When Tiger re-emerges again, we’ll find out how his reconstructed left knee reacted to his two rounds here, but there didn’t seem to be any fundamental problem that will prevent Woods from earnestly renewing his pursuit of Jack Nicklaus’ record of 18 major championships.

3. Rory McIlroy is the real deal.

The 19-year-old sensation is from Northern Ireland, not northern California, which explains why he doesn’t already have his own Nike commercials here in the States.

The baby-faced McIlroy, who is the youngest player to ever be ranked in the world top 20, made his professional U.S. debut at match play, reaching the quarterfinals with a combination of pure swing and cool demeanor.

“Everyone needs to remember his name,” Ogilvy said.

Could McIlroy be The One to some day unseat Tiger as the top-ranked player in the world?

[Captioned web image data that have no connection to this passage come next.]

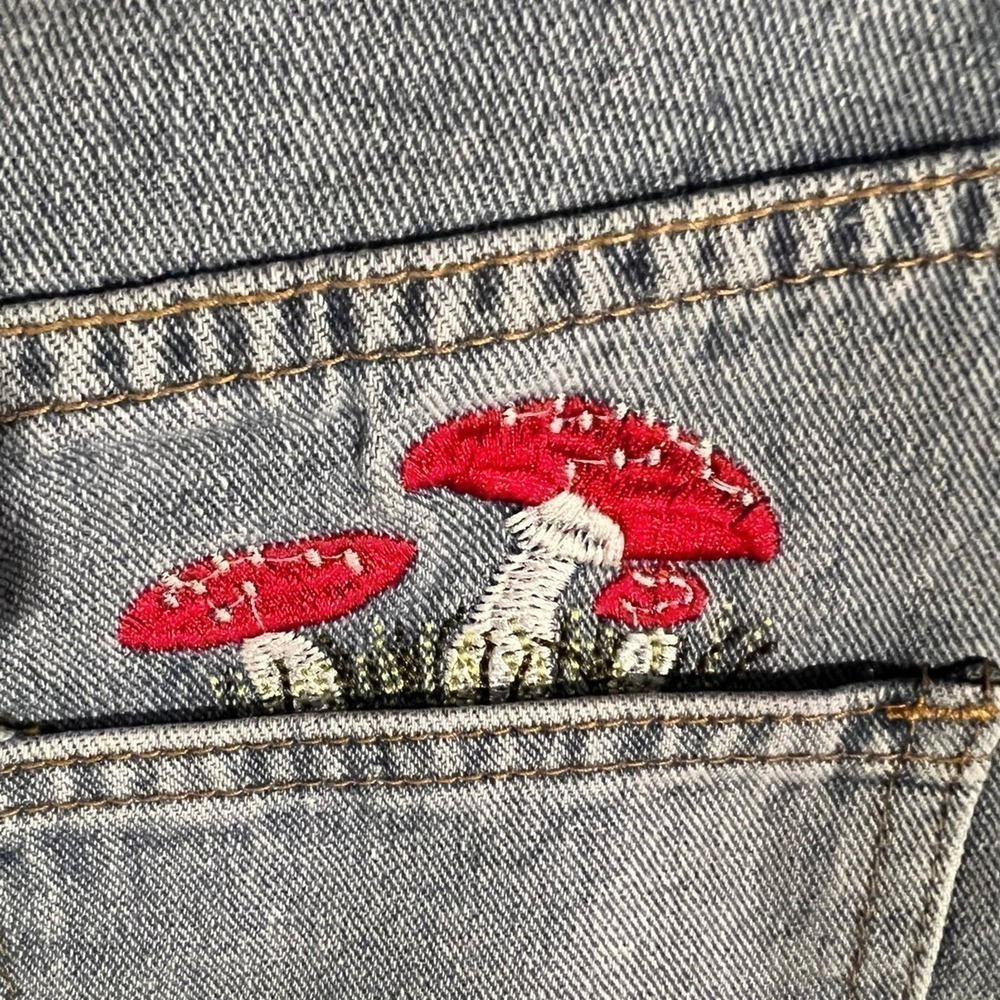 Shorts - Picture 3 of 8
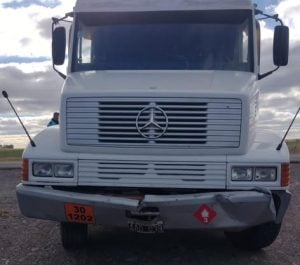 Accidente vial en Ruta Nacional 3. Colisionaron auto y camión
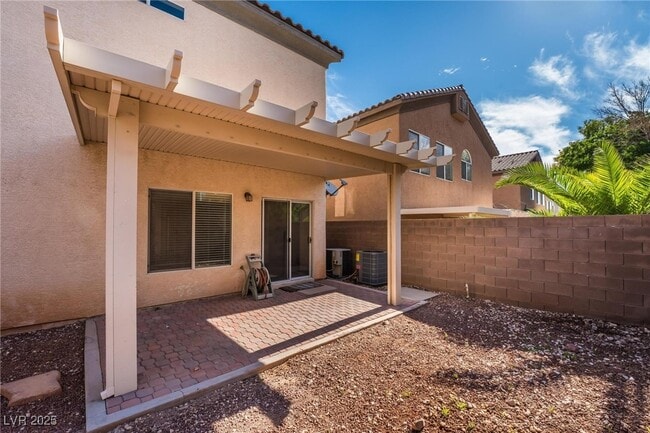 property at 5989 Lamotte Ave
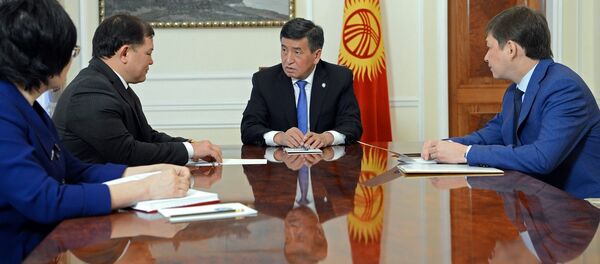 Встеча президента КР Сооронбя Жээнбекова с премьер-министром Сапаром Исаковым - Sputnik Кыргызстан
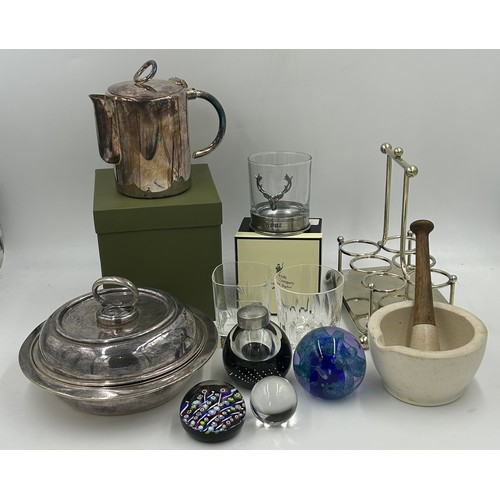 1370 - Miscellaneous items to include a Christofle silver plated jug 16cm with box, Walker & Hall silver pl...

“Tiger is Tiger and even after the operation he is going to come back great,” McIlroy said. “He has been the best in the world for the last 10 years and I see no reason he won’t be for another few years.”

Just another few years?

4. Phil Mickelson has no career in the fashion business.

Mickelson’s outfit on Friday included a 1970s-style white belt with a blue shirt, black pants and black shoes, the contrast only serving to emphasize his – how to be polite? – thick midsection.

His wife lets him out of the mansion like this?

Mickelson has insisted on wearing the white belt this season, prompting fellow pro Scott McCarron to say last month, “I mean, somebody please give him a citation.”

Mickelson needs to leave the white belt to the wiry 20-somethings with the bling-bling belt buckles. They can, mostly, pull it off . . . at least with matching white shoes.

5. Jack Nicklaus knew what he was doing.

The word “undulating” has been getting a workout this week.

Nicklaus, in designing the Ritz-Carlton layout at Dove Mountain, created huge greens with huge slopes. The upshot of it all meant that players had to think, be creative around the greens and execute precise shots . . . or else face the penalty of curling putts with hard-to-calculate speed.

Camilo Villegas was asked early in the week if he has ever seen anything like it. “No,” he said.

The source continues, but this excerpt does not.